Every line of the material needs an exact copy, apart from the images.

_Provided records_
----

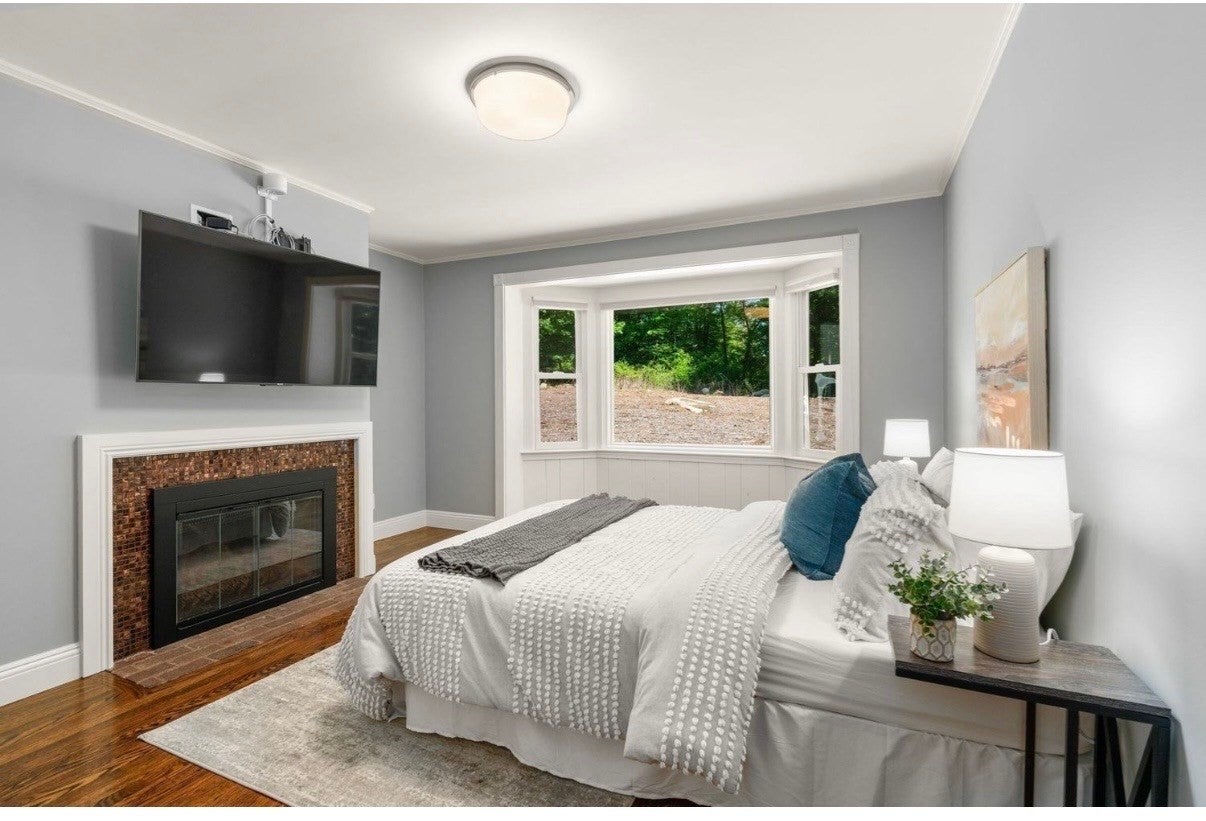 118 Newton St #118, Weston, MA Photo #5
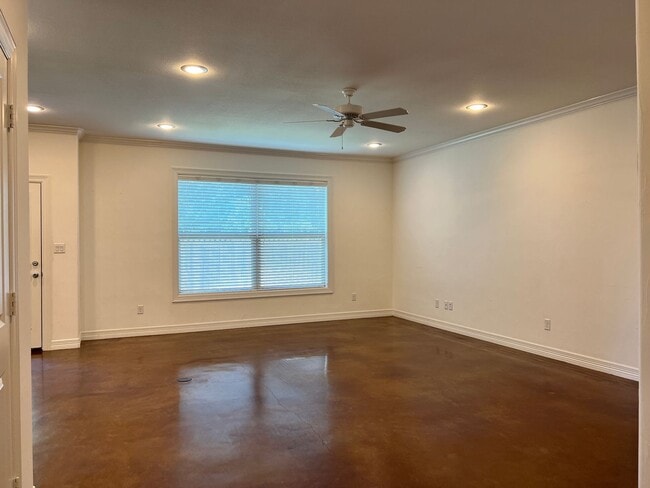 Building Photo - 2976 Elkton Trail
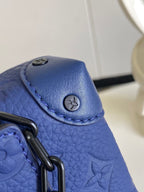 Louis Vuitton M11522 Steamer Wearable Geldbörse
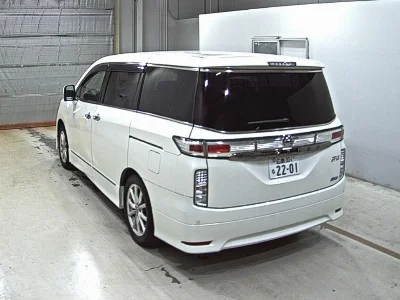 NISSAN ELGRAND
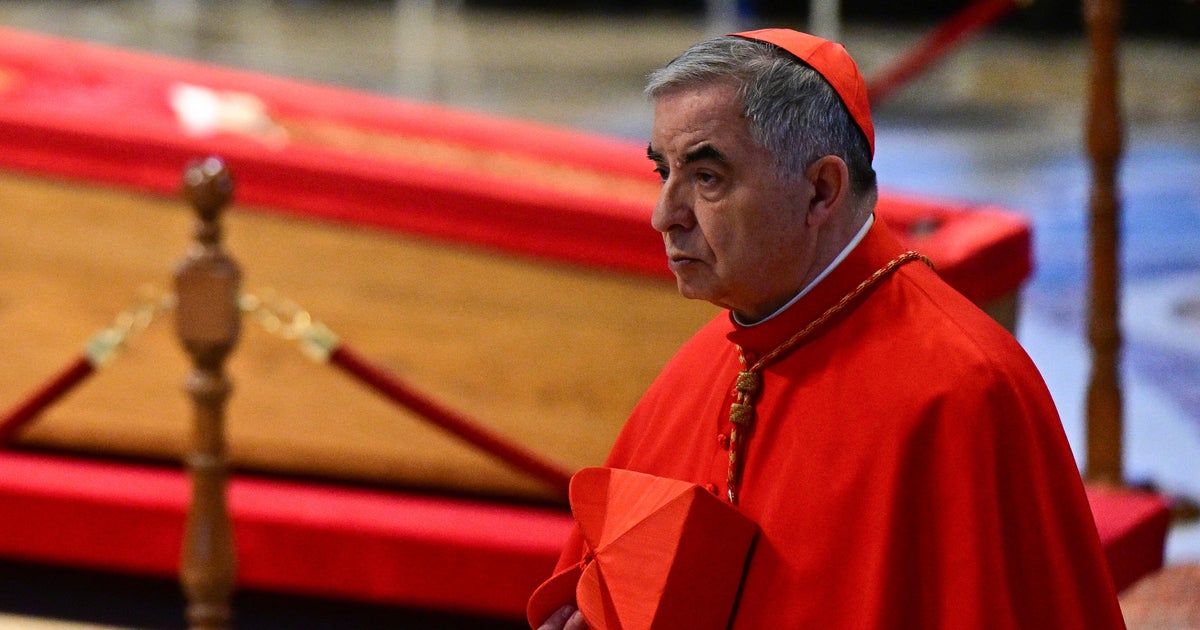 The convicted cardinal Angelo Becciu withdraws from the meeting to elect the new pope. What do you know about his corruption judgment?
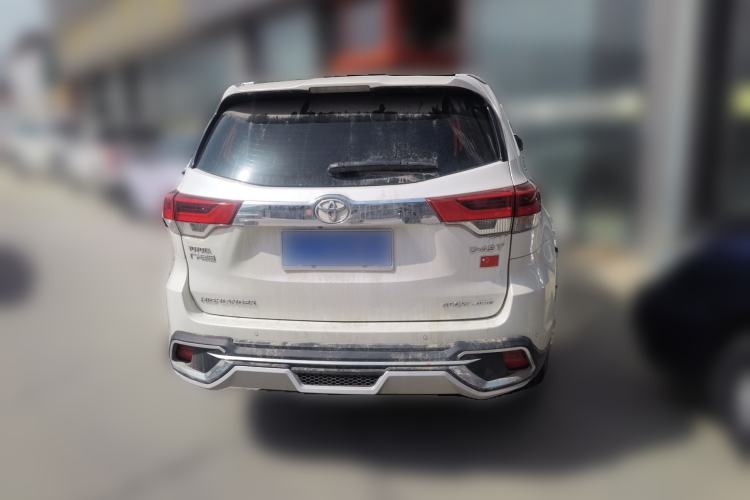 Used Toyota Highlander 2018 2.0T Four-Wheel Drive Luxury Edition 7 Seats China V Emission Standard Rear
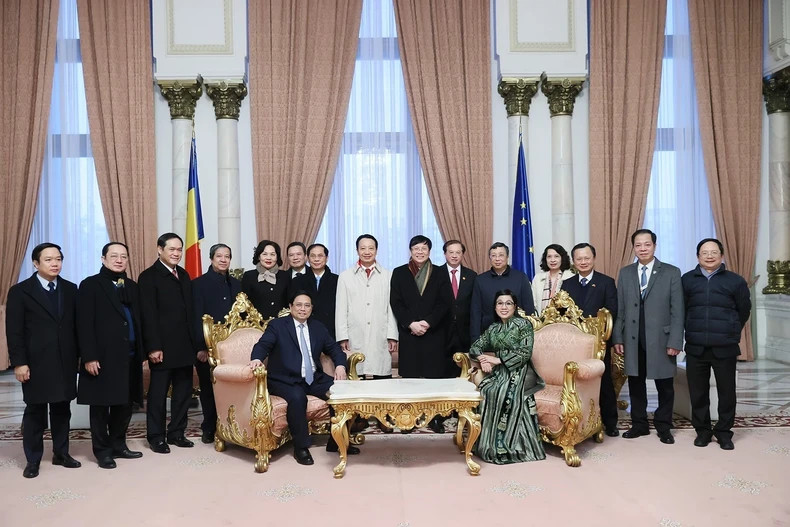 越南政府总理范明正和夫妇与各位代表合影。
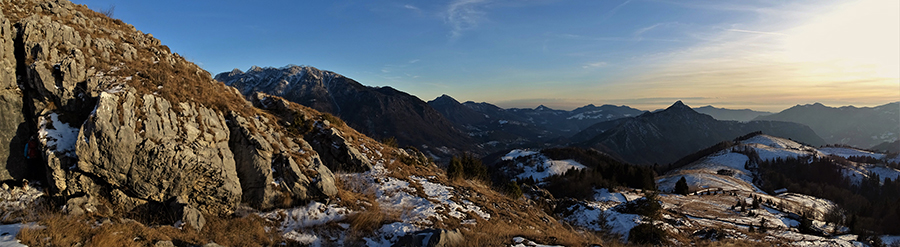 Dalle cavità rocciose delle ex-miniere di calamina vista sulle cascine e verso Val Serina e Brembana nella luce del tramonto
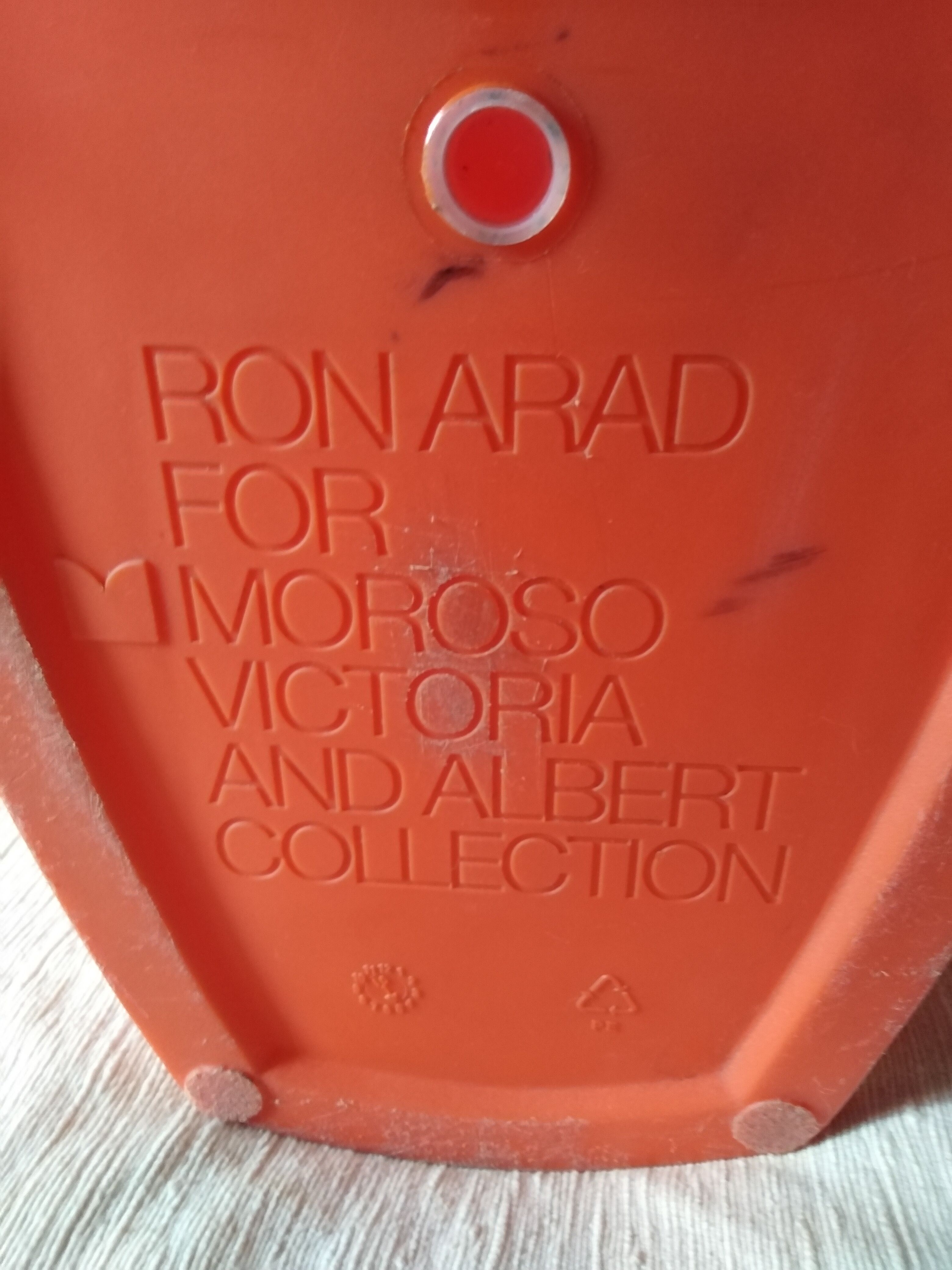 'Victoria and Albert' armchair for Moroso by Ron Arad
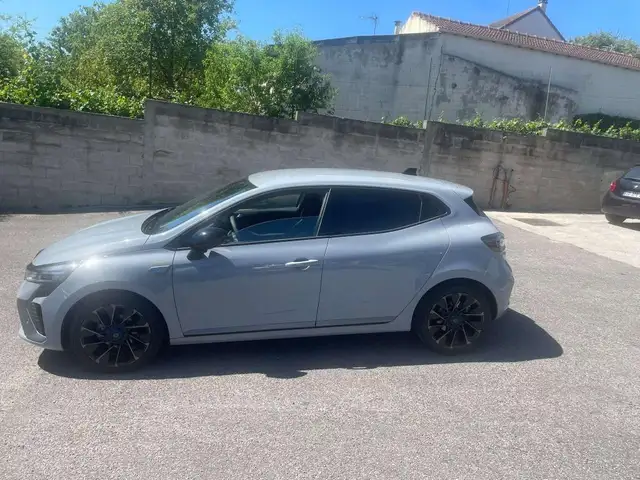 Renault Clio view 6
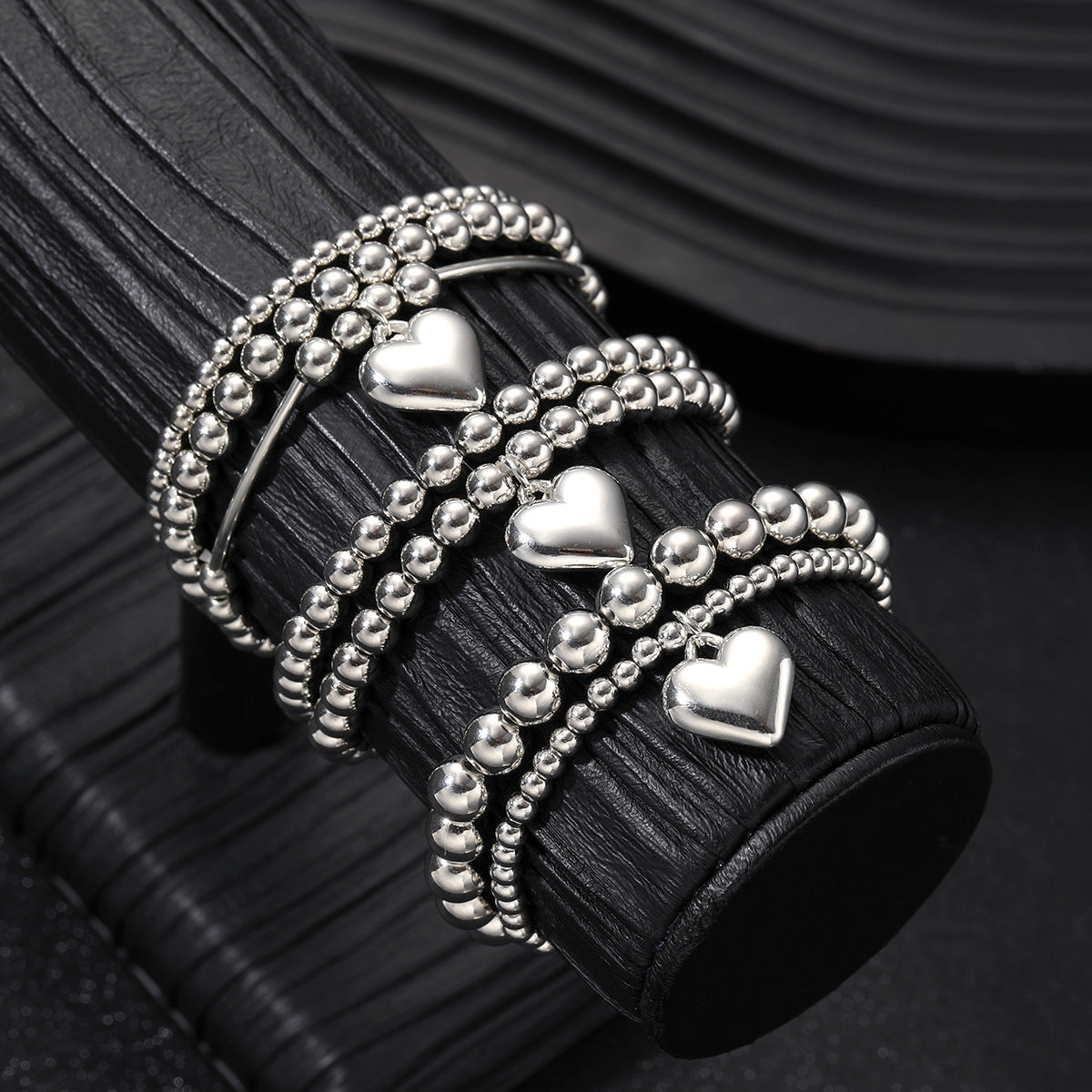 Damenarmband mit Herzen Shop Nory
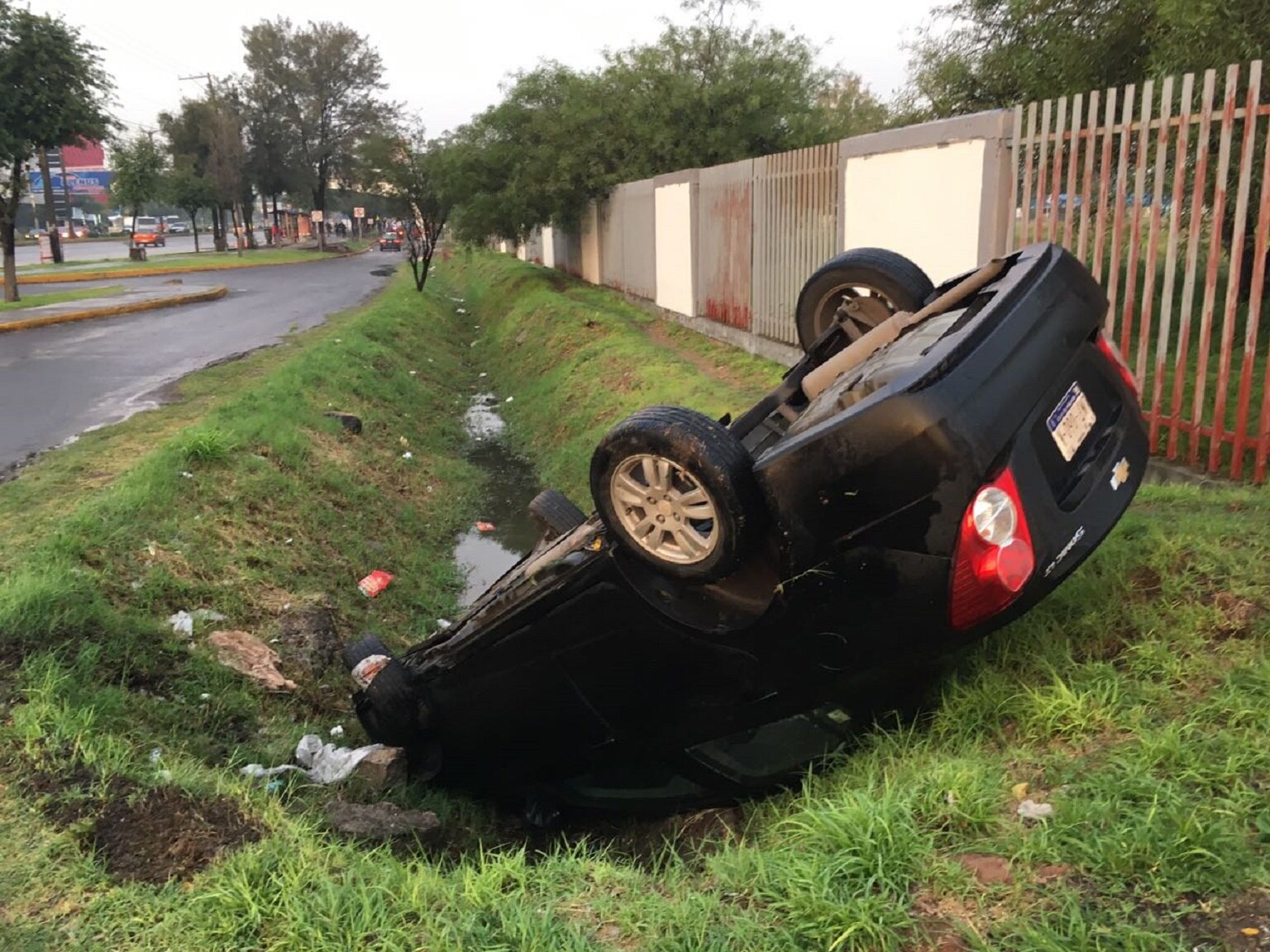 Automóvil cae en dren pluvial de Paseo Constituyentes
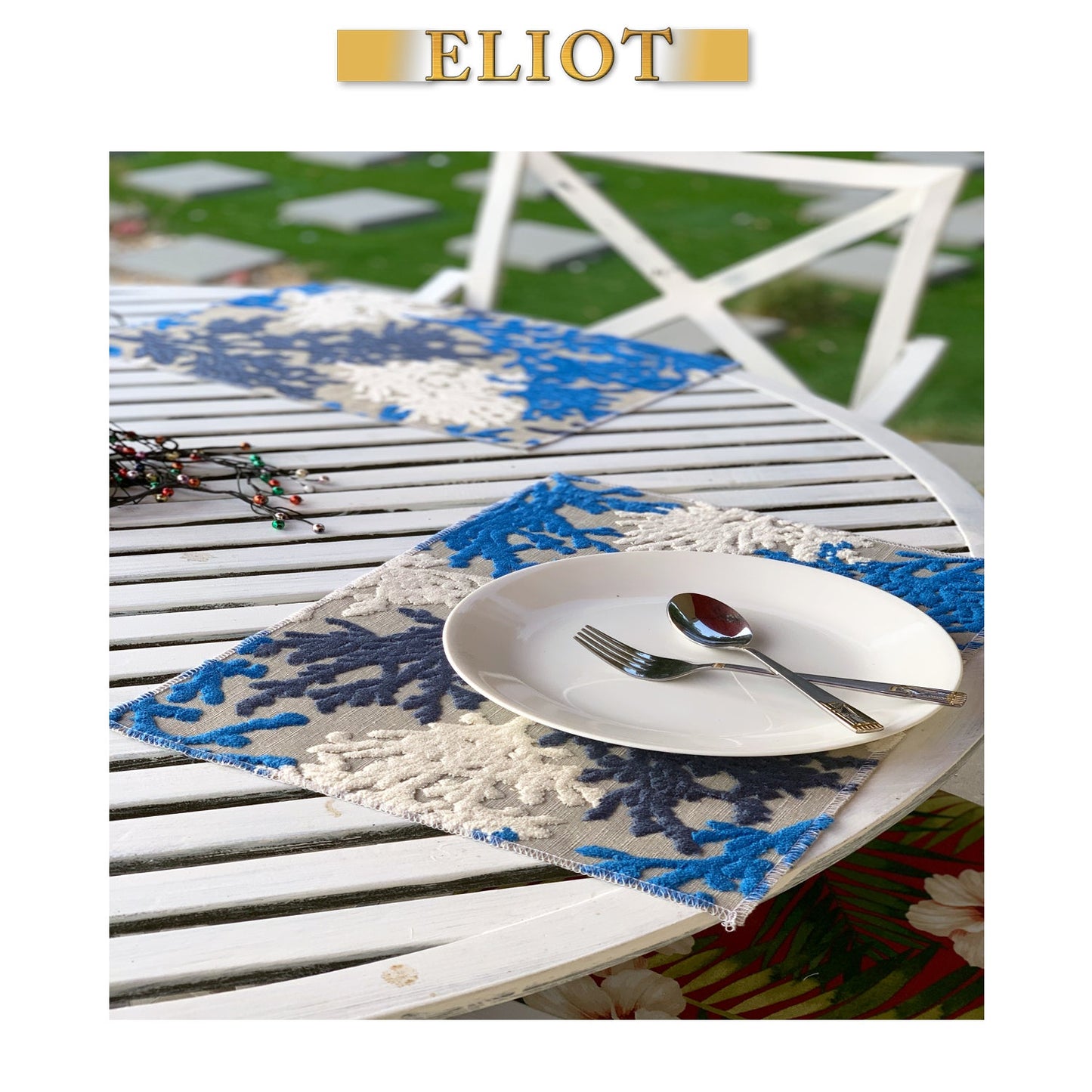 Reef - Pack of 4 Beautiful Cut Velvet One-Side Placemats - Color: Indigo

----

_Written solution_
 118 Newton St #118, Weston, MA Photo #5
 Building Photo - 2976 Elkton Trail
 Louis Vuitton M11522 Steamer Wearable Geldbörse
 NISSAN ELGRAND
 The convicted cardinal Angelo Becciu withdraws from the meeting to elect the new pope. What do you know about his corruption judgment?
 Used Toyota Highlander 2018 2.0T Four-Wheel Drive Luxury Edition 7 Seats China V Emission Standard Rear
 越南政府总理范明正和夫妇与各位代表合影。
 Dalle cavità rocciose delle ex-miniere di calamina vista sulle cascine e verso Val Serina e Brembana nella luce del tramonto
 'Victoria and Albert' armchair for Moroso by Ron Arad
 Renault Clio view 6
 Damenarmband mit Herzen Shop Nory
 Automóvil cae en dren pluvial de Paseo Constituyentes
 Reef - Pack of 4 Beautiful Cut Velvet One-Side Placemats - Color: Indigo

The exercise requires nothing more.